Hi LP parents,
The afternoon launch began at 1pm...and two and a half hours of gut-wrenching soul testing later, your heroes remained unconquered. Dare I say it was the heaviest afternoon we have had this year? Which is saying a lot considering what the tribe has been through already in half a school year.
I'm honestly still processing it a bit--trying to understand it all--as I have never quite seen anything like it. What began as an accountability check-in on the Apprenticeship Prep Badge somehow morphed into what I suppose for lack of a better word you would have to call a debate, but instead of words and ideas being slung around the room, it was deeply held beliefs, firm convictions, and bits of heart and mind and soul.
It wasn't so much that they were challenging or opposing each other in an adversarial way, rather this 'debate' simply began spitting out a series of personalized trials and tests for your eagles to pass through--each hand-tailored perfectly for where each eagle is on his or her road of trials right now. I'm not sure how the stars aligned (or maybe the fates conspired?) to accomplish this, but suffice it to say I could not have designed it any better myself lol.
Just to name a few of these tests so you understand what I am talking about, at various points throughout this experience, eagles were faced with demons of whether to...

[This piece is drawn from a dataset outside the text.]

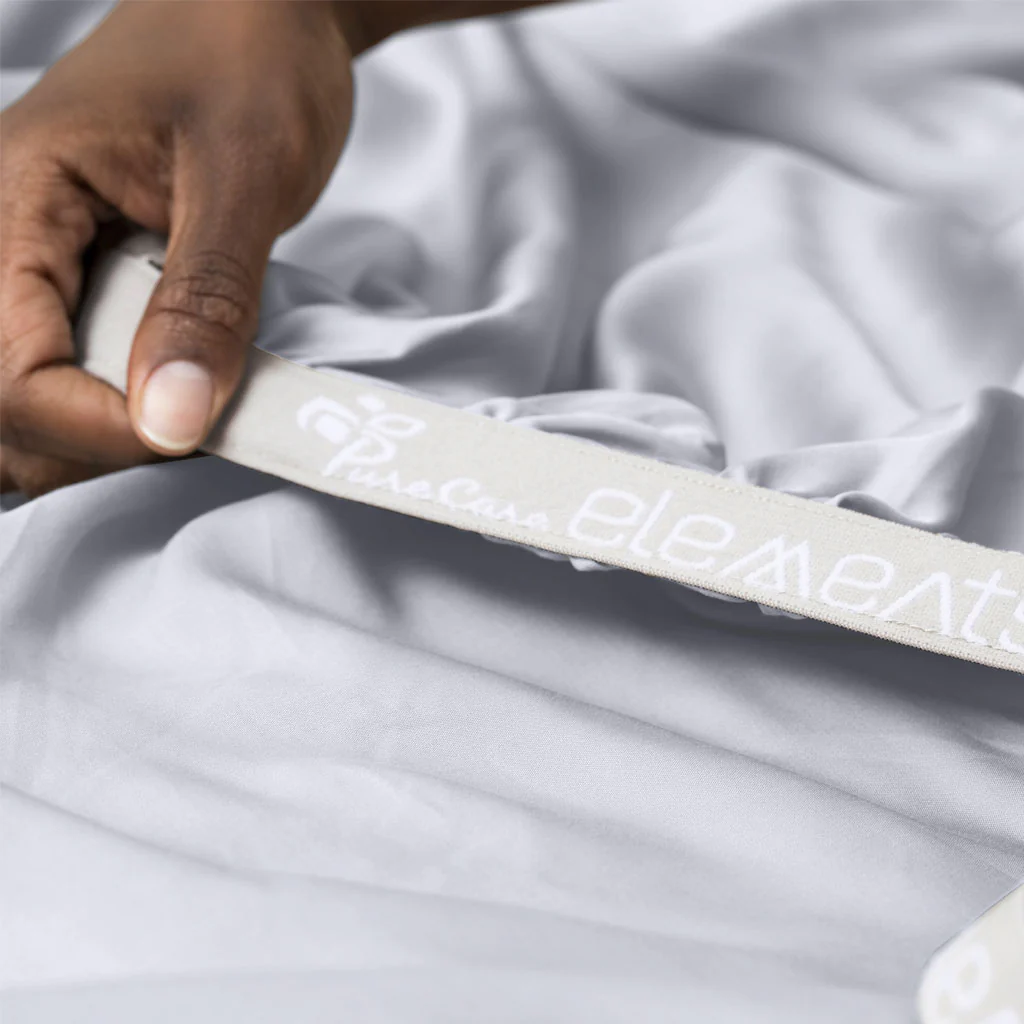 Premium Refreshing TENCEL™ Lyocell Sheets Set - Image 9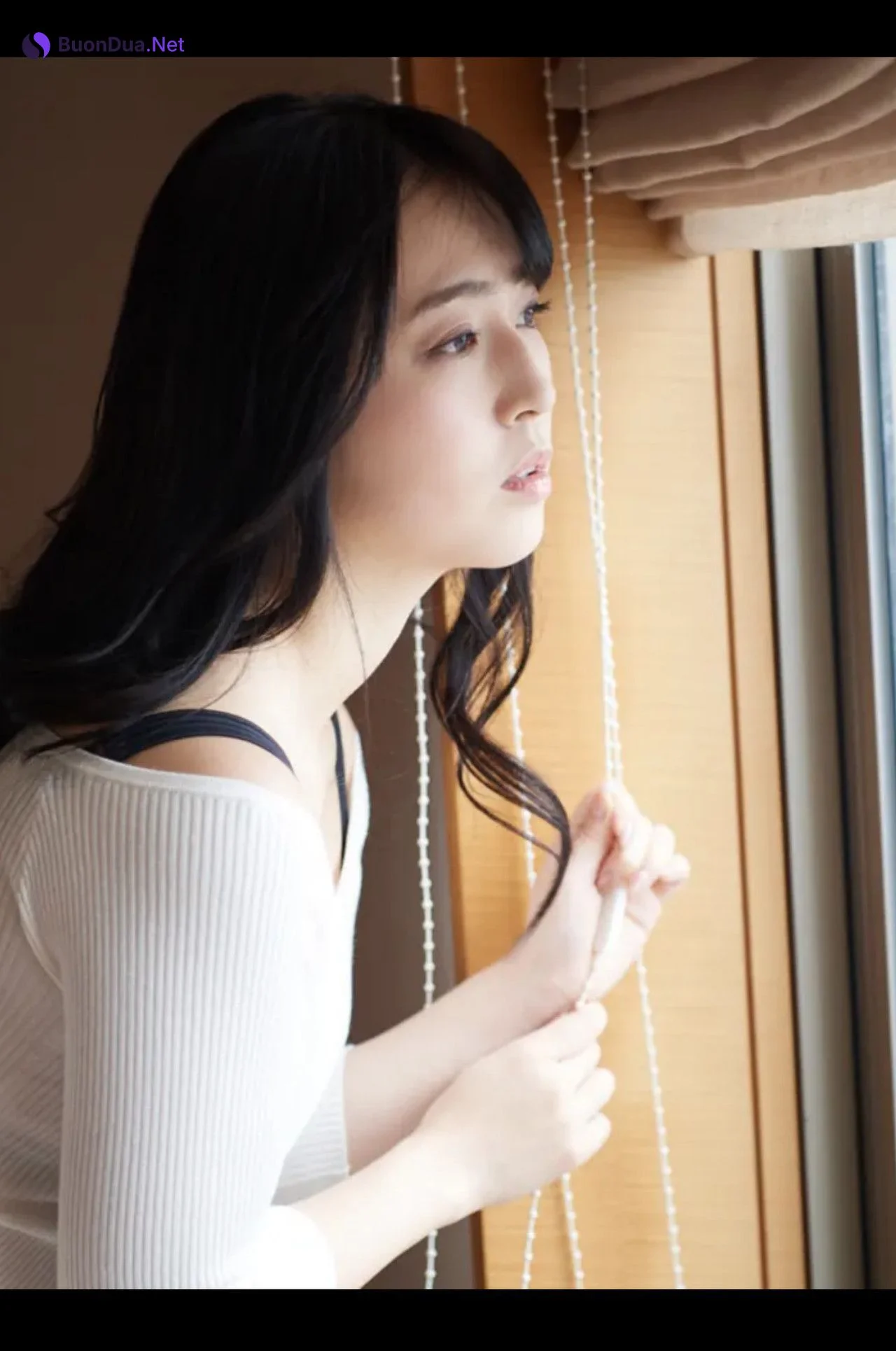 Shiori Usui 薄井しお里, ＦＲＩＤＡＹデジタル写真集 「ノーパン女子アナウンサー Vol.01」 Set.01 - 사진 6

- admit truth even when it hurt an argument
- speak up or remain silent
- vote with your conscious or with convenience
- forgive or hold a grudge
- see the best or the worst in someone
- take initiative or wait for someone else
- be courageous or cowardly
- give up or press on
- be offended or not
- take something personal or not
- believe in yourself when it seems like nobody else does
- hold on to what you believe is right even when you can't explain it
- extend justice or mercy
- hold the line or not
- stand alone
The list could be a lot longer...but you get the idea.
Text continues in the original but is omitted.